Like Hillary Clinton before her, Laura Bush also went for an Oscar de la Renta gown for her husband's second inauguration in 2005. The ice-blue and silver embroidered tulle V-neck dress cam with a matching duchess satin coat.
For George W. Bush's inaugural bash in 2001, Laura Bush selected a ruby-red, crystal-embellished Chantilly lace gown by little-known Dallas-based designer Michael Faircloth. She donated the gown to the Smithsonian in 2002.

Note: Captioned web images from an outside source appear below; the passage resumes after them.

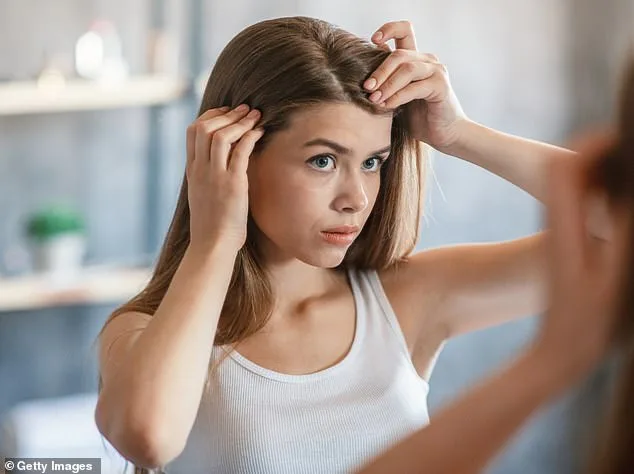 Malassezia Fungus: The Real Cause of Dandruff, Not Dryness
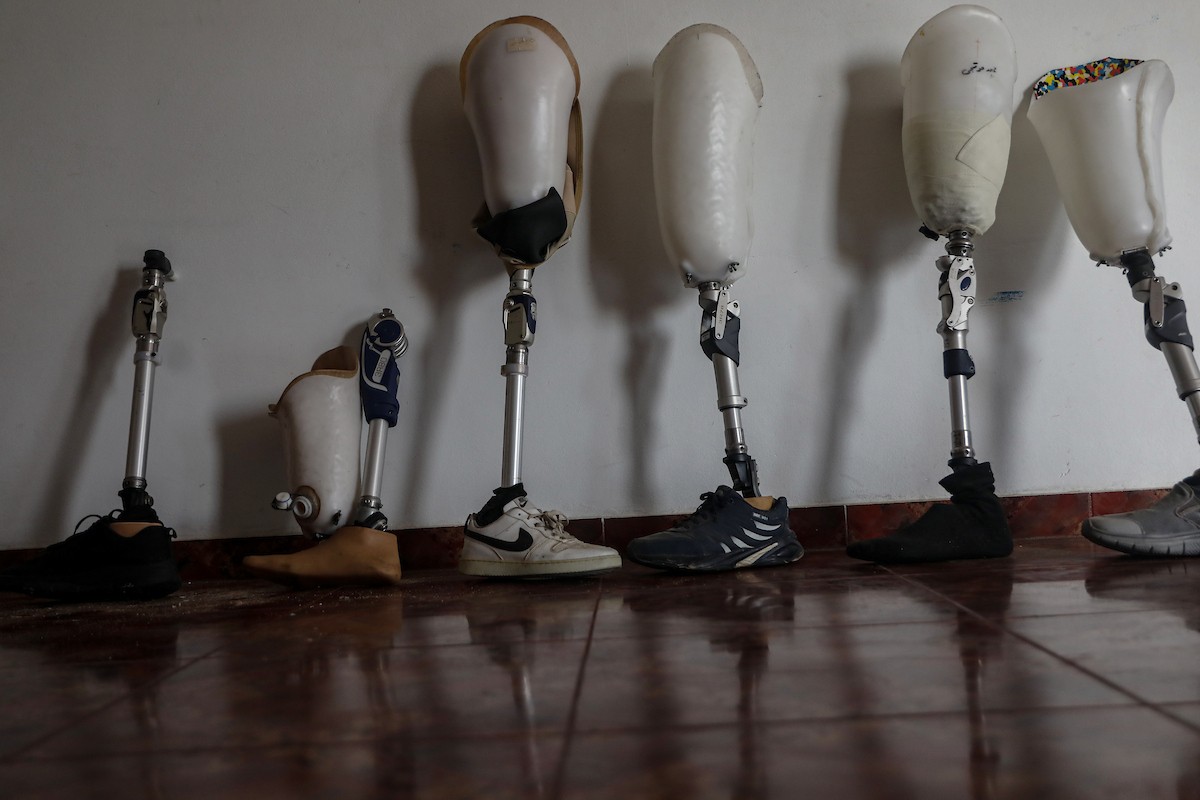 فلسطينيون، بينهم أطفال، يتلقون جلسات تأهيل باستخدام أطراف صناعية في مستشفى حمد للتأهيل بمنطقة (24).jpg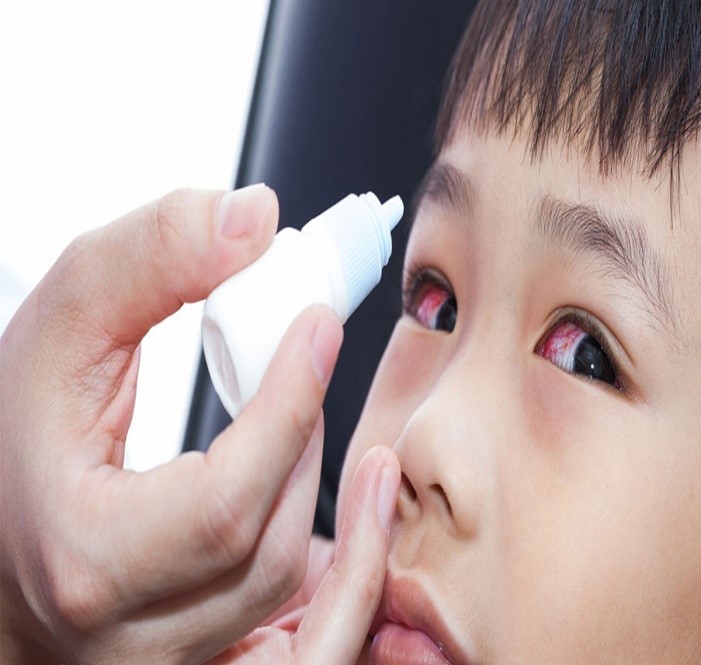 Đau mắt đỏ ở trẻ gia tăng cha mẹ cần phải biết 5 điều sau để nhanh khỏi và phòng bệnh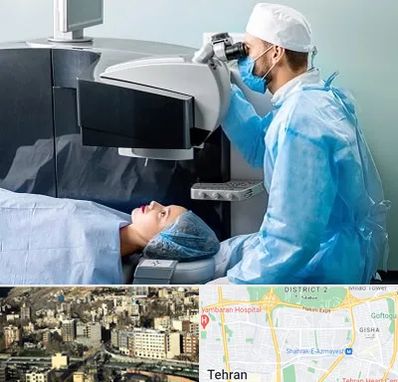 مرکز لیزیک چشم در مرزداران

For her husband's second inauguration, in 1997, Hillary Clinton made up for 1993's fashion faux pas by choosing a tried-and-true designer: Oscar de la Renta. The sparkly gold-lace dress was altered to give it a high collar and long sleeves, and the effect was both sleek and sexy.
No shrinking violet
Always seen more as a modern businesswoman than a style icon, Hillary Clinton was criticized for wearing this violet beaded gown to Bill Clinton's 1993 inaugural ball. The dress was made by little-known Arkansas designer Sarah Phillips.

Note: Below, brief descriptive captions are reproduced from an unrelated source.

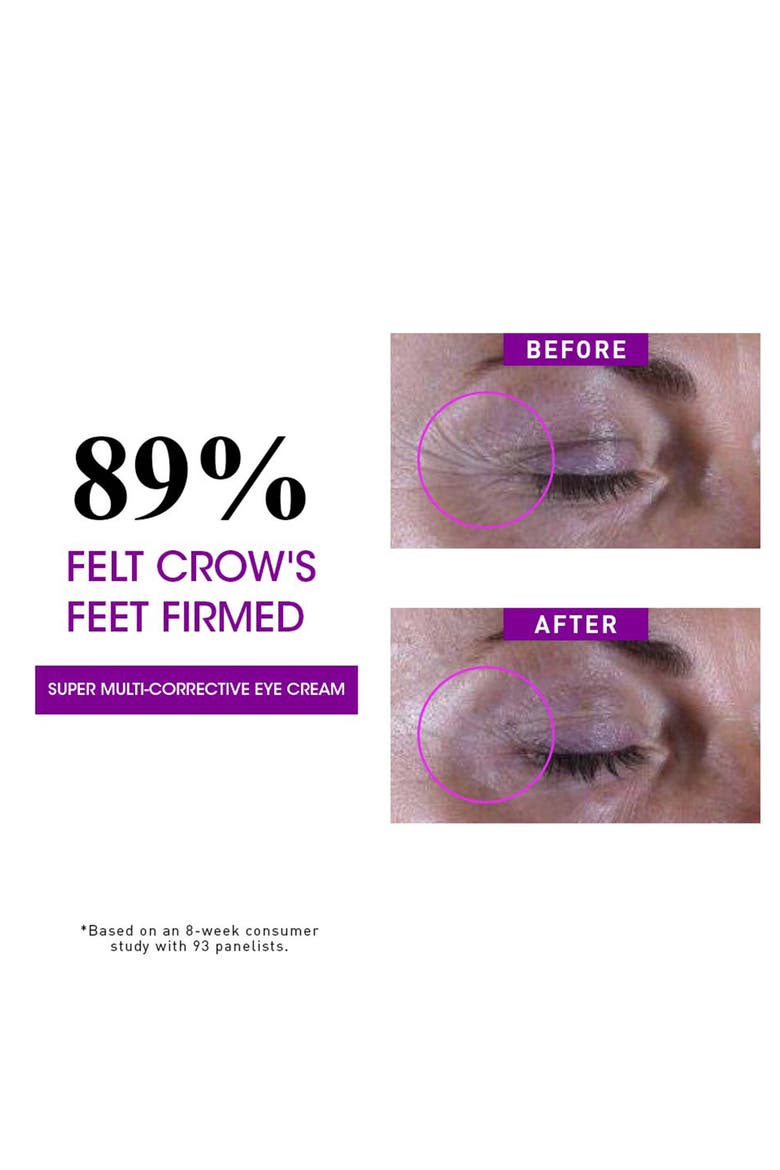 Super Multi-Correctors for Face & Eye Set $105 Value, Alternate, color, NO COLOR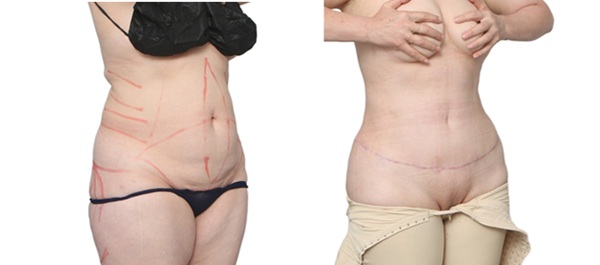 Before and After Image: Patient 27 - right-front-oblique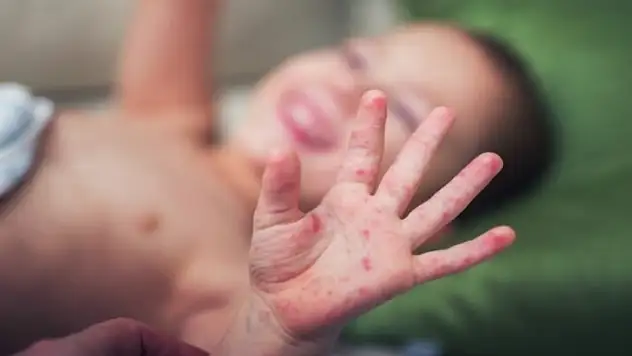 Çocuğu olan aileleri uyardı! Endişe oluşturan o değer, birçok durumda yüksek çıkabiliyor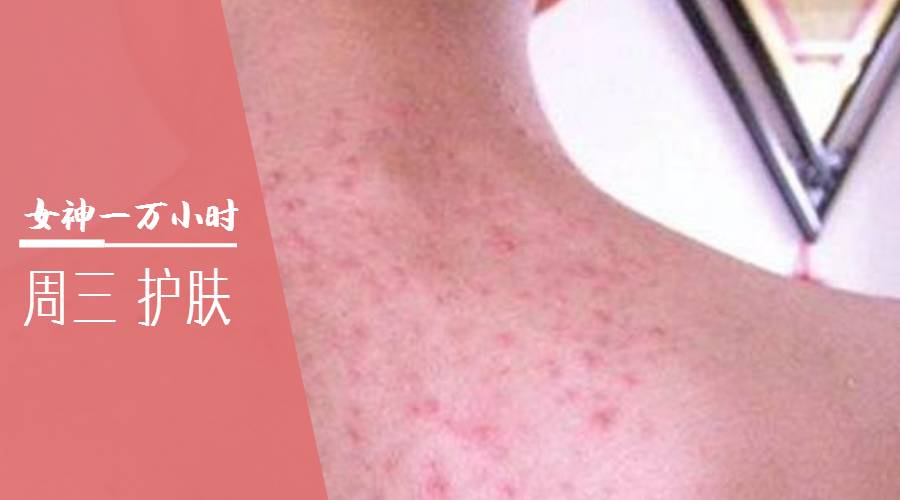 痘痘一直治不好的根本原因,痘痘是痤疮还是毛囊炎怎么判断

Barbara Bush's 1989 gown choice was received well at George H. Bush's inaugural celebration - the sapphire-blue velvet and satin piece with the diagonal dropped waist suited her age and body type. It was made by New York designer Arnold Scaasi. The first lady accessorized the gown with a set of signature pearls.
For her husband's second inauguration in 1985, Nancy Reagan stuck to the same designer, James Galanos. The Austrian and Czechoslovakian glass beads on her white chiffon gown took more than 300 hours to apply by hand. One news account place the cost of the dress at more than $46,000, drawing criticism for the first lady's choice.
Nancy Reagan wore a one-shoulder sheath gown to Ronald Reagan's 1981 inaugural ball. The fern-patterned lace featured crystal and bugle beads and rested over silk satin. The piece was made by American designer James Galanos. The Reagans were scheduled to appear at nine balls that evening.
Rosalynn Carter's gown choice was panned by the fashion press when she wore it to Jimmy Carter's 1977 inauguration festivities, mostly because she had previously worn it to her husband's gubernatorial party six years earlier. The blue gown was not couture - it was made by Mary Matise for Jimmae. The sentimental move may have helped set a thrifty, "down-home" tone for the Carter administration.
Richard Nixon, his wife Pat (right), Vice President Spiro Agnew and Judy Agnew (left) share the spotlight at one of six inaugural balls held for Nixon in 1969. Pat's mimosa silk satin gown was designed by Karen Stark for Harvey Berin. She wore a jacket encrusted with Austrian crystals to complete the look.
Lady Bird and Lyndon B. Johnson, left, and Vice President-elect Hubert Humphrey and his wife Muriel, look happy and elegant at a 1965 gala that was held three days before the inaugural ceremony. Lady Bird had a tough act to follow (Jackie O. set quite a high standard), and the John Moore yellow satin gown (not pictured) that she wore to a different ball was highly criticized.
Style icon Jacqueline Kennedy wore this specially designed haute couture silk sheath and matching coat to a series of balls celebrating John F. Kennedy's 1961 inauguration. The off-white sleeveless gown - make by Ethel Frankau of Bergdorf Goodman - was the first lady's concept. With style statements like this, the Kennedys brought a cultured and glamorous era known as "Camelot" to American politics.
Belles of the ball
Here, Dwight D. Eisenhower (second from right) and his wife, Mamie, pose at Eisenhower's 1953 inaugural ball with Vice President Richard. M. Nixon (left) and his wife, Pat. Mamie's silk peau de soie gown was embroidered with 2,000 pink rhinestones, and the gathered waist and full skirt captured the calssic design of the 1950s. It was designed by New York City's Nettie Rosenstein Inc.